The strength of the cyanide solutions is tested by silver nitrate, using 10 c.c. of the strong and weak solutions respectively (diluted to about 100 c.c. with water) and taking 100 c.c. of wash-water undiluted. In each case a few drops of a 5 per cent, solution of potassium iodide are added. When the titration is done very rapidly and carried to a pronounced opalescence, this method in the hands of ordinary tankmen gives results fair enough for comparison in commercial millwork.
As a careful check is kept on all the ore and solution in every stage of the treatment, the number of gold and silver assays and other determinations on control samples, headings, tailings, “ finals,” flue dust, bag dust, slimes, gold bullion, lead bullion, slags, sweepings and solutions is necessarily very large.

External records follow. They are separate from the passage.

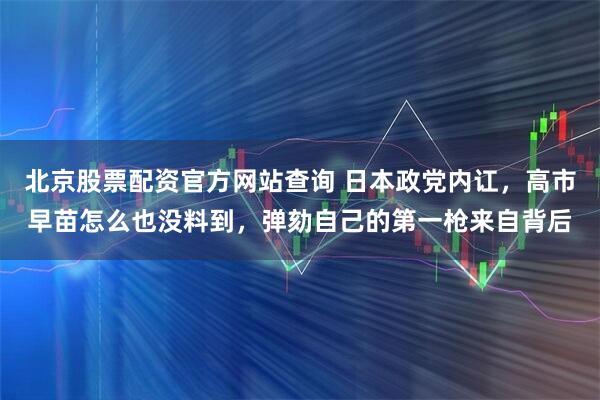 北京股票配资官方网站查询 日本政党内讧，高市早苗怎么也没料到，弹劾自己的第一枪来自背后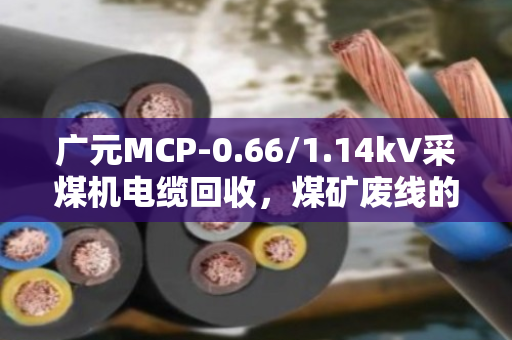 广元MCP-0.66/1.14kV采煤机电缆回收,煤矿废线的价值重生之路 广元MCP-0.66/1.14kV采煤机电缆回收,煤矿废线的价值重生之路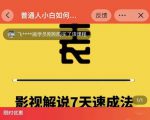 表哥电影·影视解说7天速成法:普通人一台电脑或者一部手机,小白快速起号-如意资源库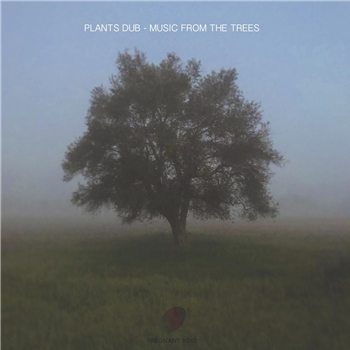 Plants Dub - Music From The Trees - Pregnant Void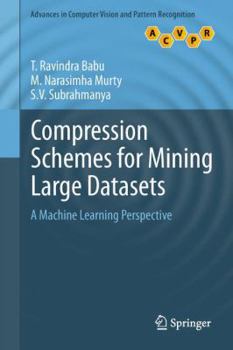 Hardcover Compression Schemes for Mining Large Datasets: A Machine Learning Perspective Book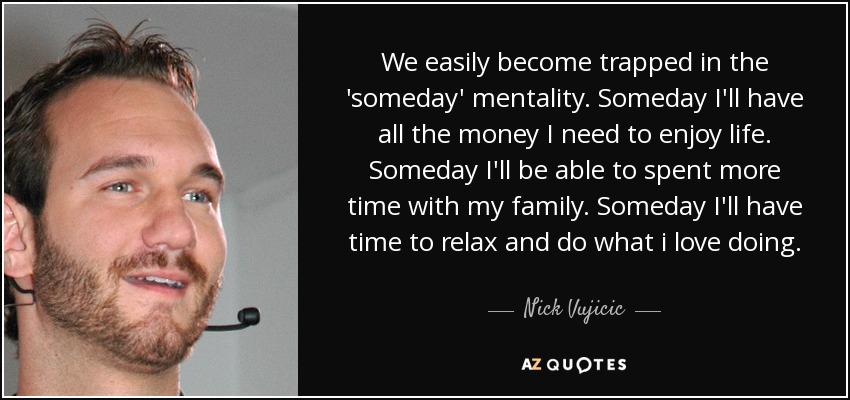 We easily become trapped in the 'someday' mentality. Someday I'll have all the money I need to enjoy life. Someday I'll be able to spent more time with my family. Someday I'll have time to relax and do what i love doing. - Nick Vujicic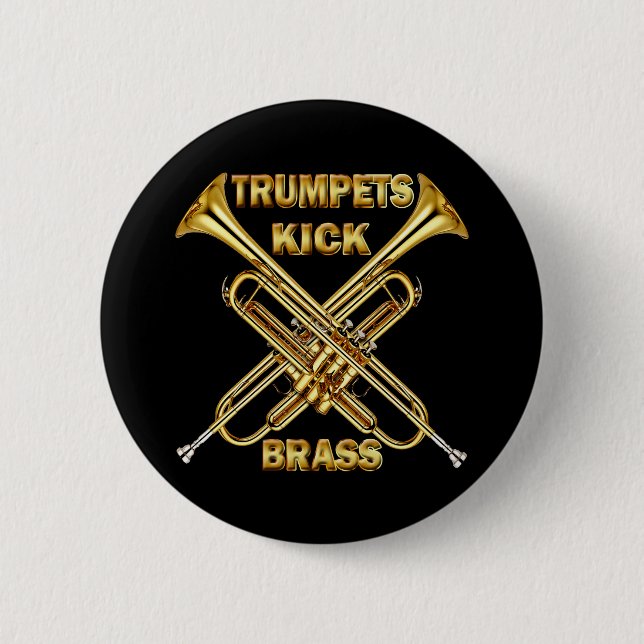 Trumpets Kick Brass 6 Cm Round Badge (Front)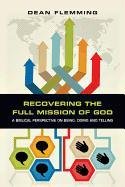 Recovering the Full Mission of God: A Biblical Perspective on Being, Doing and Telling Flemming Dean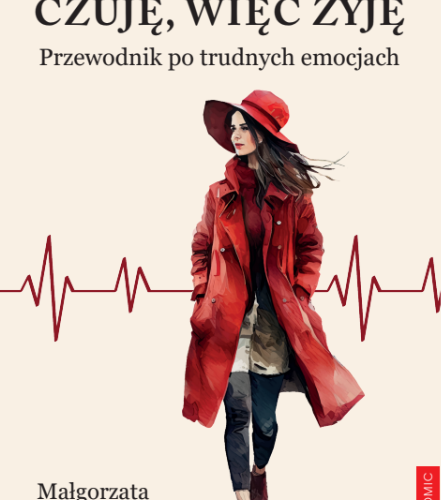 „Czuję więc żyję. Przewodnik po trudnych emocjach”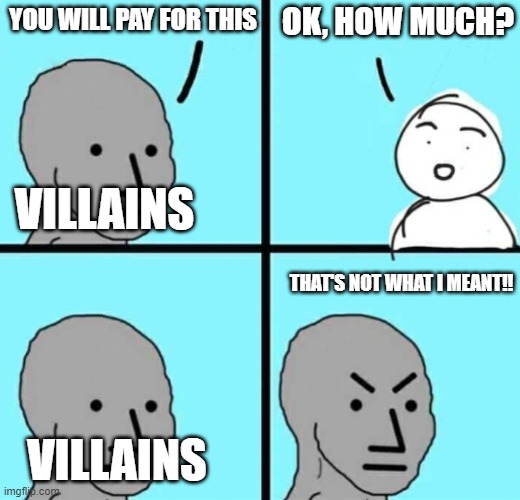 You said that I had to pay for this, right? | OK, HOW MUCH? YOU WILL PAY FOR THIS; VILLAINS; THAT'S NOT WHAT I MEANT!! VILLAINS | image tagged in angry npc wojak,memes,villain,villains | made w/ Imgflip meme maker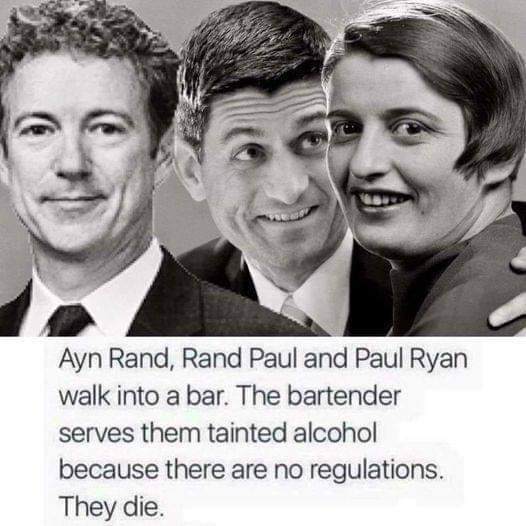 This meme is a humorous and darkly ironic joke about the deaths of three famous scientists and mathematicians: Ayn Rand, Rand Paul, and Paul Ryan. The text in the image reads: "Ayn Rand, Rand Paul, and Paul Ryan walk into a bar. The bartender serves them tainted alcohol because there are no regulations. They die." The joke is that the three individuals share the same last name, which is a common joke about names that sound similar. The punchline is that they all died because of the tainted alcohol, which is a darkly comedic and unexpected twist.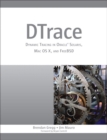 DTrace : Dynamic Tracing in Oracle Solaris, Mac OS X and FreeBSD - Book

Strong and weak solutions are assayed for gold by evaporating 1 A.T. in a small lead tray and then scorifying and cupelling the tray; but this method does not give satisfactory amounts to weigh in the case of wash-waters. If 20 or 30 A.T. are taken for evaporation, it must be begun in glass or porcelain vessels and finished in a lead tray after having been very carefully transferred. This entails much tedious work if some 15 or 20 determinations are required per day. Two rapid methods have been devised and used at Cyanide for this determination.
In one method a reagent of zinc dust coated with lead is prepared as follows:
500 grammes of zinc dust known as “ blue powder ” are mixed with water; to this is added an aqueous solution of 25 grammes of lead acetate, and the whole thoroughly stirred. When the zinc becomes coated with lead 20 A.T. of wash-water are placed in a bottle, and to this is added about 10 grams (usually measured in a wooden mustard spoon) of the lead-zinc mud. The solution is agitated in the bottle for an hour or more, the lead-zinc mud allowed to settle, and all but 50 c.c. of the solution decanted through a filter leaving the lead-zinc in the bottle. Ten c.c. of oil of vitriol are added, and, when all action has ceased, the residue is thrown into the same filter and washed with water. When drained, the wet filter and residue are placed on a large scorifier with 15 grams of sand, burnt in the front of the muffle furnace, and then assayed by the fusion method. This gives very good results if the “ blue mud ” is in excess, and if not too much zinc is left in the residue to be fluxed off with the sand.
In the second method 20 A.T. of “ wash-water ” are placed in a large beaker, and 10 to 15 grammes of the dry “blue powder ” are shaken into it from the tip of a spatula, 50 or 75 c.c of strong commercial H2SO4 are added and the whole vigorously stirred and allowed to stand for one hour, or until all decided action has ceased. The contents of the beaker are then filtered, the residue is washed, and the wet filter is burnt on a scorifier with ½ A.T. sand and fused in a small crucible with litharge, soda carbonate, borax, and fluorspar, and the assay finished in the ordinary way. This method has been found to give very fair results with the “ wash-water ” solutions, and, besides not taking very long, allows of a large number of determinations being made at the same time.
These methods are technical methods, in which extreme rapidity is aimed at rather than extreme accuracy. However, they give fairly good comparative results.
All the methods in use at this mill have stood the test of time, and some of the modifications in the practice now employed are kept secret, a necessary consequence of the close competition of other custom mills in the district.